I have been working with SSIS for several years now and I have realized that the easy to use graphical nature of the tool is very advantageous but it recently occurred to me that there is a disadvantage that I had not considered.  I have also been the recipient of formal training courses on the tool as well as completed formal exams on the subject.

When you select a transformation to use from the tool box, you select the transformation and drag it over to your data flow.  This could give the illusion that all transformations are created equally because they all come from the same tool box.  What is not immediately apparent is that there are significant differences between the performance behaviors of the transformations based on a few different properties of the objects.  

The properties I will discuss are the synchronous/asynchronous property and the transformation type property ie:  non-blocking, semi-blocking, fully-blocking.  The properties that an object possesses are a significant factor in the performance you can expect from the object.

Synchronous/Asynchronous

A synchronous transformation is the more highly performing type because the transformation uses the same buffer for the output as is used for the input.  The incoming rows are processed and passed on one row at a time and this is possible because the transformation does not need any additional information from other buffers.  MSDN uses the Data Conversion transformation as a perfect example of this.  Each row that is used as input from the buffer is converted and then outputted one row at a time.  Each conversion is completely separate from the rest of the row set so the process does not have to wait on anything else and can complete much faster.

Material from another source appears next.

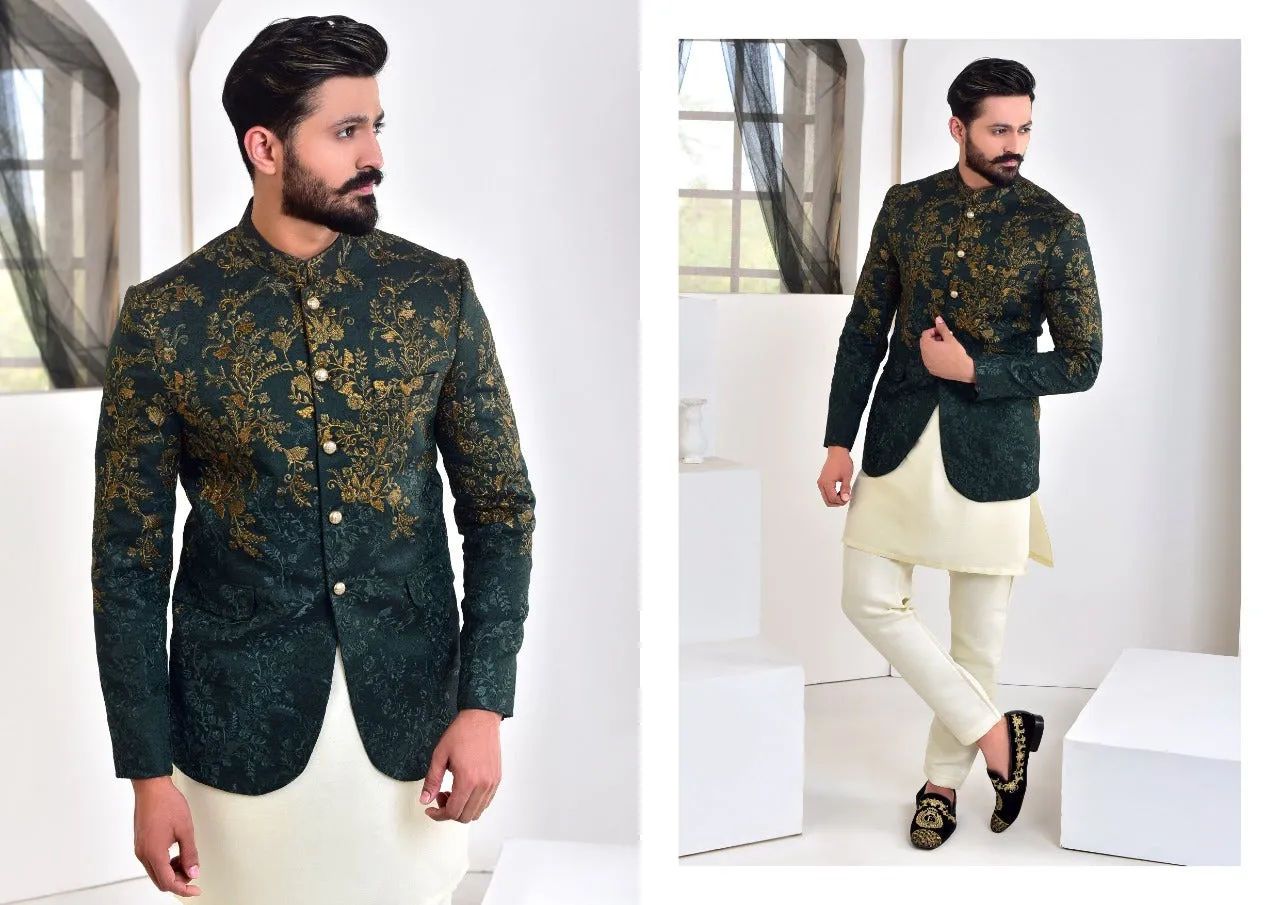 Edge Republic - ER PC 2004 Green Copper Prince Coat For Mehndi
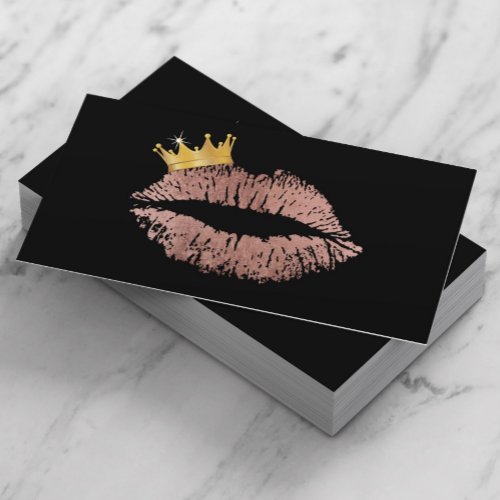 Rose Gold Lip Queen Makeup Artist Beauty Salon Business Card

Example: The Data Conversion transformation is synchronous.

An asynchronous transformation is the just the opposite of that.  Instead of relying on the same input buffer as the output buffer, the process may have to acquire multiple buffers before it can complete the necessary processing.  There may be some additional waiting involved.  The output buffer is not independent of the input buffer.   A perfect example of this is the Merge transformation.  Before the output buffer can be complete it has to first look at many rows from each of the input buffers and then completes the merge operation and return the row set in a sorted order.












Example: The Merge Conversion transformation is asynchronous.

It is interesting to note that all destination adapters are synchronous and all source adapters are asynchronous because they need 2 output buffers.  One for the success and one for any failed outputs.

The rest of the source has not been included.